My only concern here is that if we expect the userspace daemon to look
at the dumpability field and treat nondumpable tasks as "this may
contain secret data and resources owned by various UIDs mixed
together, only root should see the dump", we should have at least very
clear documentation around this.

[...]
> Userspace can get a stable handle on the task generating the coredump by
> using the SO_PEERPIDFD socket option. SO_PEERPIDFD uses the thread-group
> leader pid stashed during connect(). Even if the task generating the

Unrelated to this series: Huh, I think I haven't seen SO_PEERPIDFD
before. I guess one interesting consequence of that feature is that if
you get a unix domain socket whose peer is in another PID namespace,
you can call pidfd_getfd() on that peer, which wouldn't normally be
possible? Though of course it'll still be subject to the normal ptrace
checks.

Re: [PATCH RFC v2 0/6] coredump: support AF_UNIX sockets

Posted by Christian Brauner 9 months, 1 week ago

On Fri, May 02, 2025 at 04:04:28PM +0200, Jann Horn wrote:
> On Fri, May 2, 2025 at 2:42 PM Christian Brauner <brauner@kernel.org> wrote:
> > I need some help with the following questions:
> >
> > (i) The core_pipe_limit setting is of vital importance to userspace
> >     because it allows it to a) limit the number of concurrent coredumps
> >     and b) causes the kernel to wait until userspace closes the pipe and
> >     thus prevents the process from being reaped, allowing userspace to
> >     parse information out of /proc/<pid>/.
> >
> >     Pipes already support this. I need to know from the networking
> >     people (or Oleg :)) how to wait for the userspace side to shutdown
> >     the socket/terminate the connection.
> >
> >     I don't want to just read() because then userspace can send us
> >     SCM_RIGHTS messages and it's really ugly anyway.
> >
> > (ii) The dumpability setting is of importance for userspace in order to
> >      know how a given binary is dumped: as regular user or as root user.
> >      This helps guard against exploits abusing set*id binaries. The
> >      setting needs to be the same as used at the time of the coredump.
> >
> >      I'm exposing this as part of PIDFD_GET_INFO. I would like some
> >      input whether it's fine to simply expose the dumpability this way.
> >      I'm pretty sure it is.

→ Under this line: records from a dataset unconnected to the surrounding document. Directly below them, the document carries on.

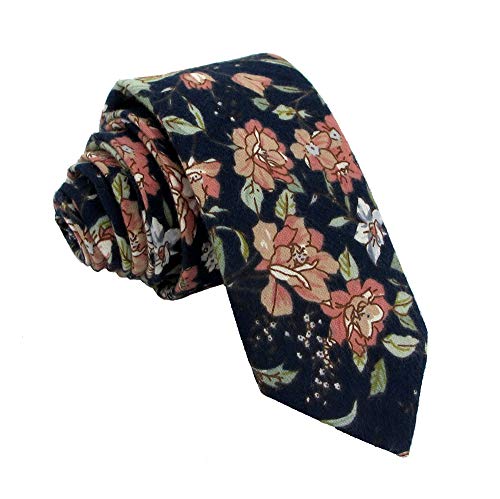 Image of Kebocis Mens Skinny Cotton Floral Tie for Men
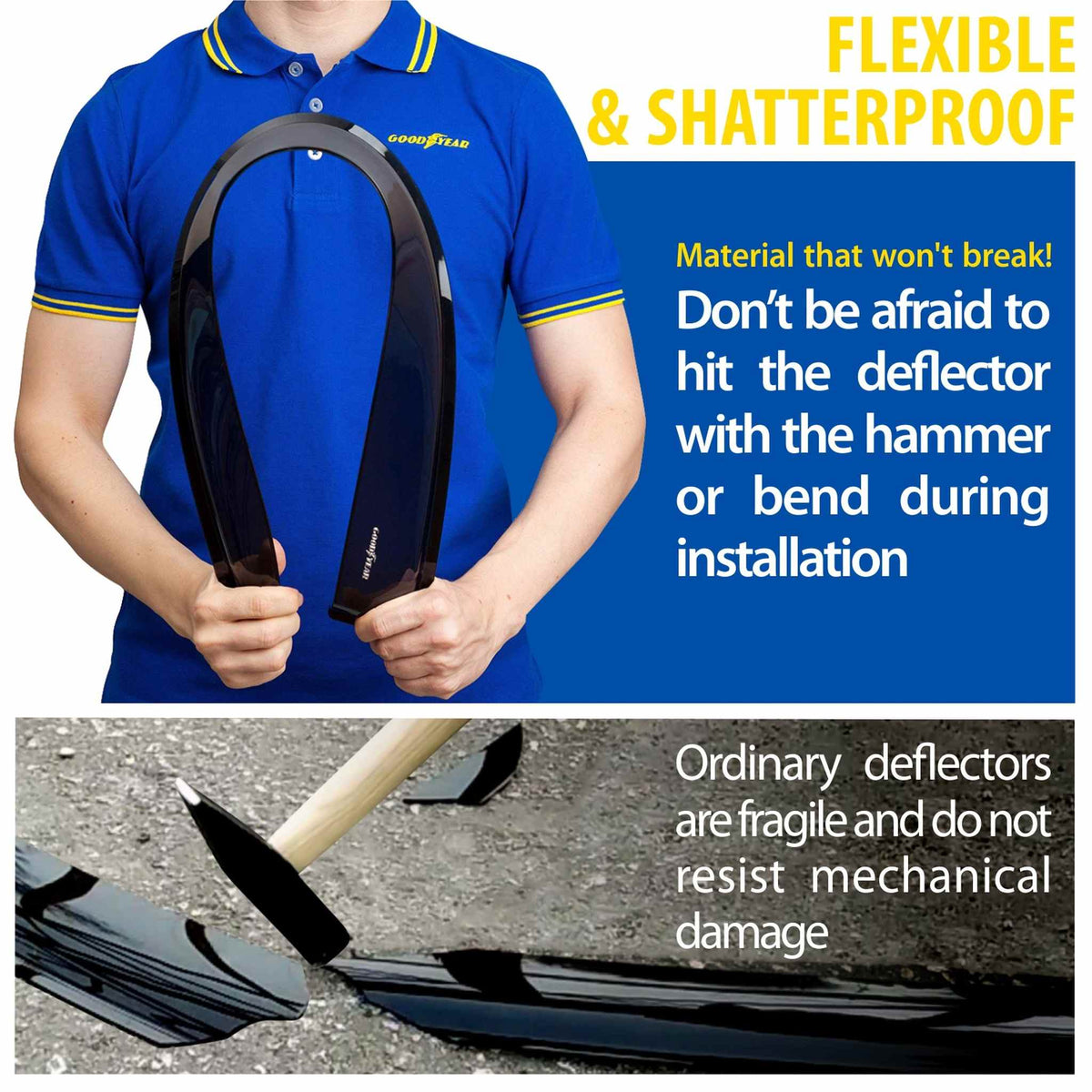 Goodyear Wind Deflectors for Subaru WRX 2022-2026 In-channel Premium Smoke 4Pcs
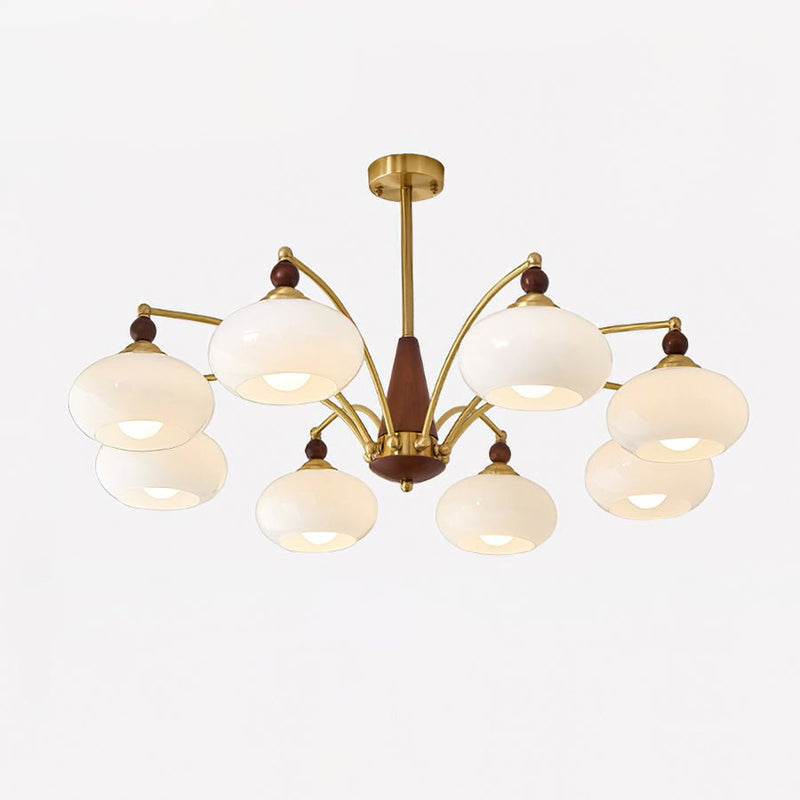 Lustre Vintage Melódico Branco 8 Cabeças Diâmetro 90cm x Altura 30cm ∅ 35.4″ x H 11.8″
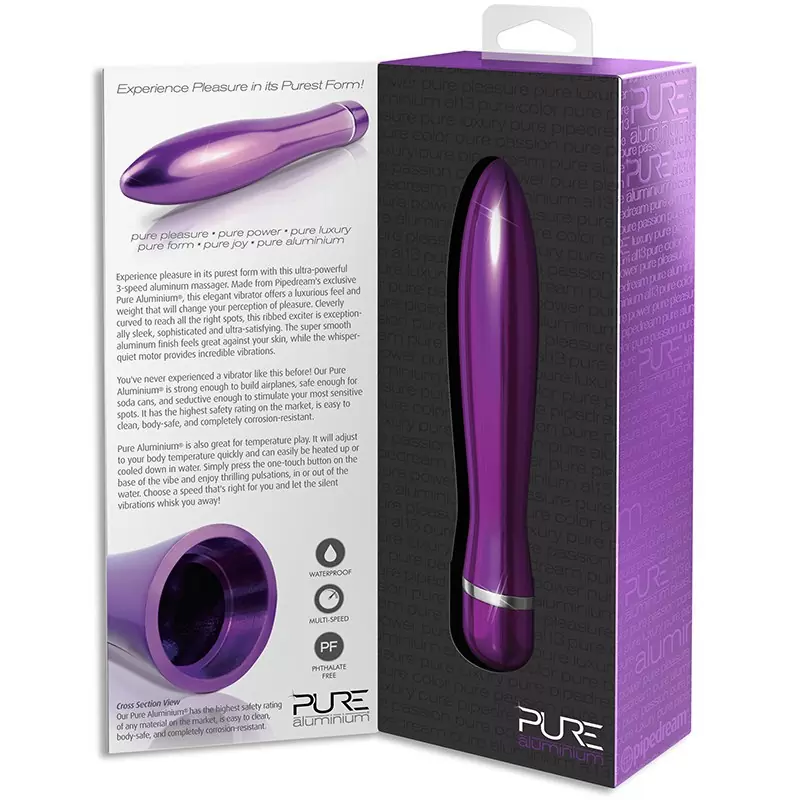 Вибромассажер Pure Aluminium Large Purple – фиолетовый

But it'd be good to have @Jann give his
> >      thoughts here.
> 
> My only concern here is that if we expect the userspace daemon to look
> at the dumpability field and treat nondumpable tasks as "this may
> contain secret data and resources owned by various UIDs mixed
> together, only root should see the dump", we should have at least very
> clear documentation around this.
> 
> [...]
> > Userspace can get a stable handle on the task generating the coredump by
> > using the SO_PEERPIDFD socket option. SO_PEERPIDFD uses the thread-group
> > leader pid stashed during connect(). Even if the task generating the
> 
> Unrelated to this series: Huh, I think I haven't seen SO_PEERPIDFD
> before. I guess one interesting consequence of that feature is that if

It's very heavily used by dbus-broker, polkit and systemd to safely
authenticate clients instead of by PIDs. (Fyi, it's even supported for
bluetooth sockets so they could benefit from this as well I'm sure.)

> you get a unix domain socket whose peer is in another PID namespace,
> you can call pidfd_getfd() on that peer, which wouldn't normally be
> possible? Though of course it'll still be subject to the normal ptrace
> checks.

I think that was already possible because you could send pidfds via
SCM_RIGHTS. That's a lot more cooperative than SO_PEERPIDFD of course
but still.

But if that's an issue we could of course enforce that pidfd_getfd() may
only work if the target is within your pidns hierarchy just as we do for
the PIDFD_GET_INFO ioctl() already. But I'm not sure it's an issue.